Mi ha colpito molto quello che è successo in Germania (e altrove) la notte di Capodanno. La violenza di gruppo terrorizza, ancor di più se -come pare sia stato- è pianificata e organizzata. Penso che, così come occorre far sì che Charlie possa pubblicare quelle che a volte sono vignette sciocche e insultanti, così pure è indispensabile che le persone, uomini o donne, possano circolare e festeggiare per le strade senza venir assalite, umiliate. Su questo occorre non transigere.

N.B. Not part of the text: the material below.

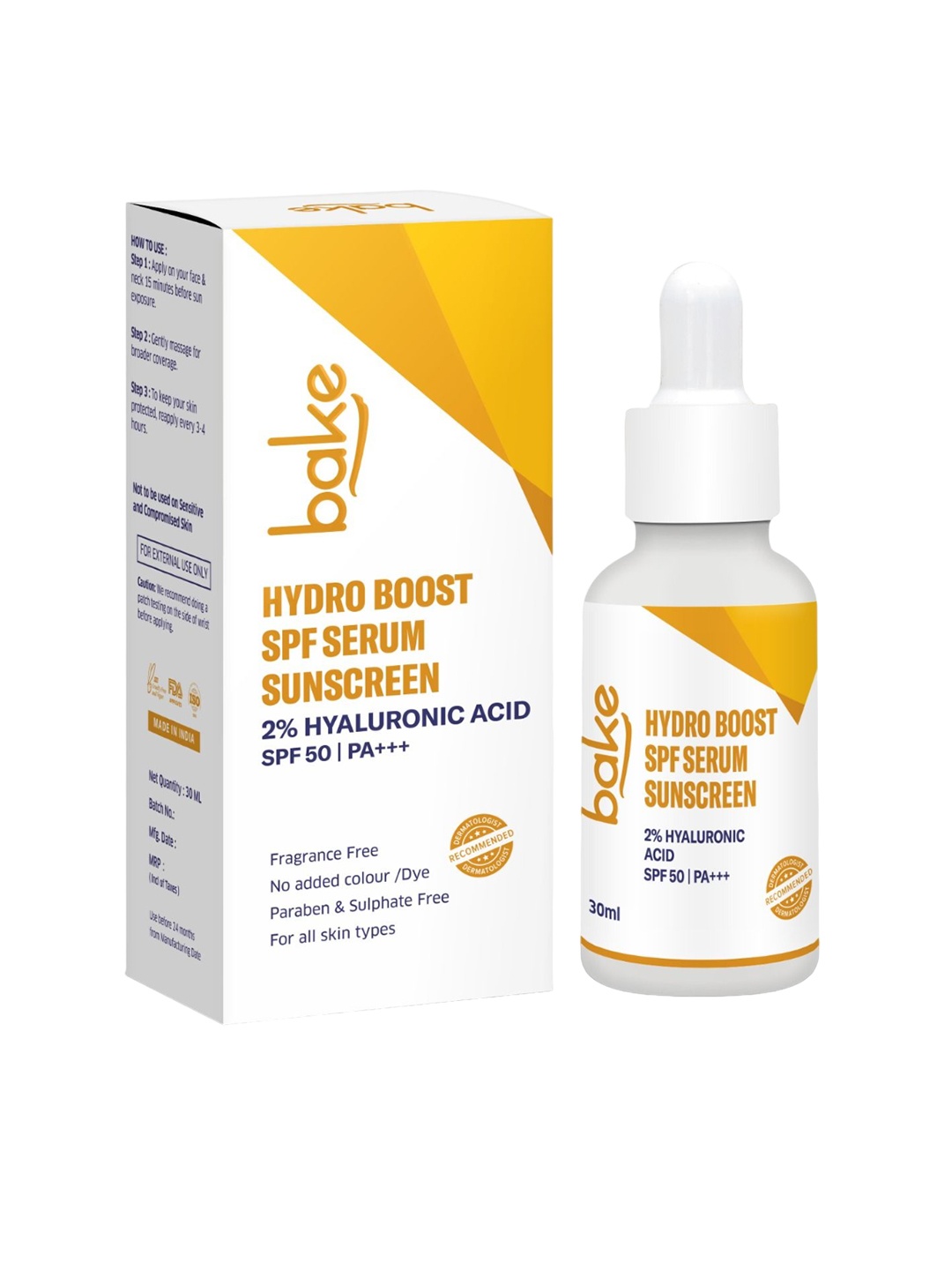 

BAKE Hyaluronic Acid Serum with SPF 50 PA+++ for Hydration & Sun Protection- 30ml, White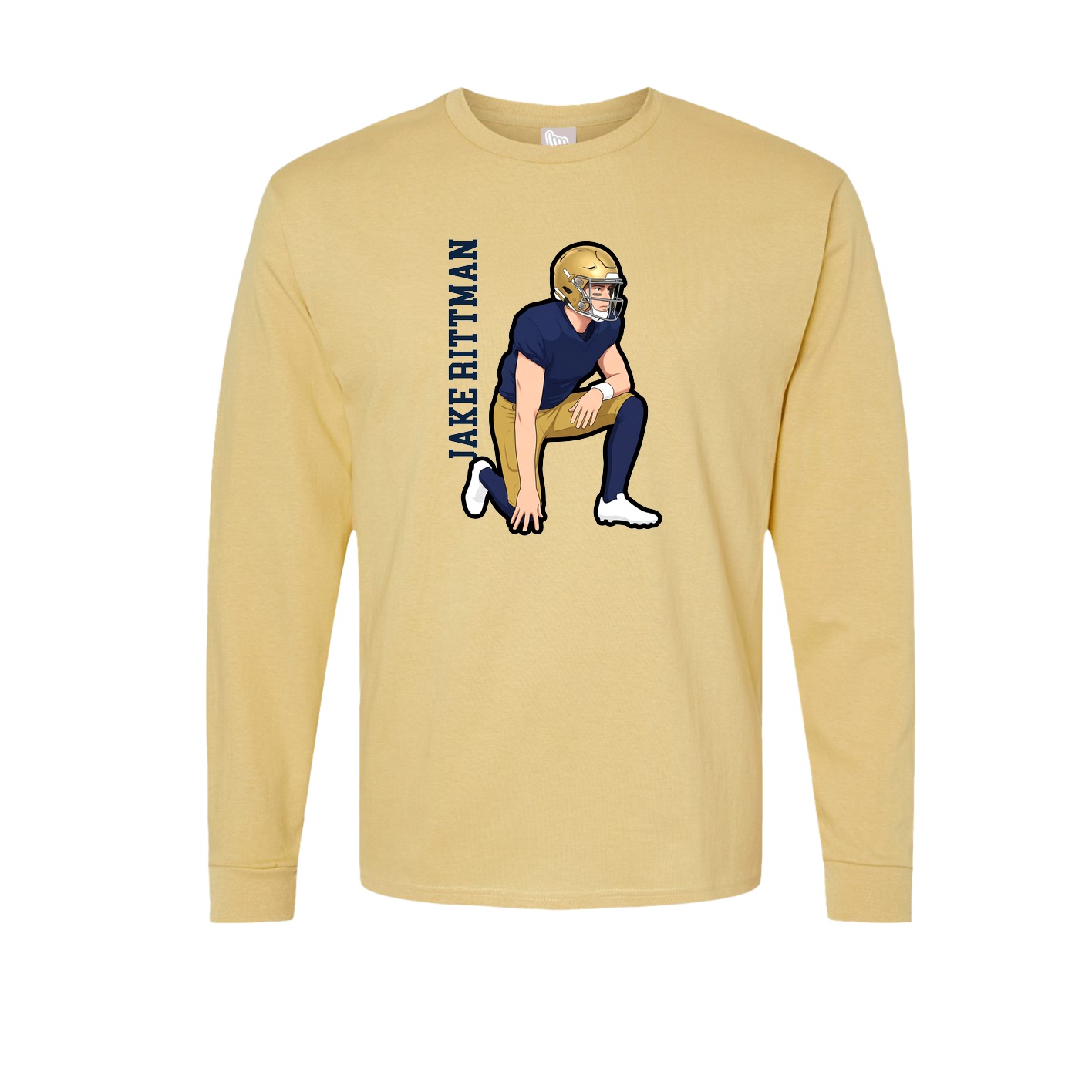 Long Sleeve Tee — Name Vertical in Vegas Gold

Però, se accendo la televisione, se mi soffermo in un edicola davanti alle copertine esposte, se guardo (anche d’inverno) come sono (s)vestite il sabato sera, durante le feste in piazza, in discoteca, molte giovani donne, sento che c’è qualche cosa che non va. L’esibizione del corpo come richiamo sessuale è (quasi) la norma. I modelli di comportamento che strati sociali meno difesi dalla cultura acquisita traggono dal cinema e dalla televisione, vanno (quasi) tutti verso la medesima direzione.
Da giovani è difficile convivere con la propria acerba e sfuggente identità. Lo stereotipo permette di identificarsi, riconoscersi e quindi avere identità. Tutti quei corpi scoperti mi disturbano perché sanno di… bestiame. Di persone ridotte a corpo. Spesso un corpo al servizio della funzione del sesso come stereotipo, senza erotismo né coscienza.
Immagino che, per chi viene da culture dove le donne sono coperte sino agli occhi, tanta carne scoperta sia addirittura scioccante, disturbante, innaturale.
Noi chiediamo rispetto per il nostro “stile di vita”.
Qualche volta pensare, anche, a non dare scandalo può essere un pensiero di libertà, quando non è figlio di una costrizione o di un abuso.
Inoltre, un pensiero su quel che si sta facendo (s)vestendosi in quel modo non può che giovare.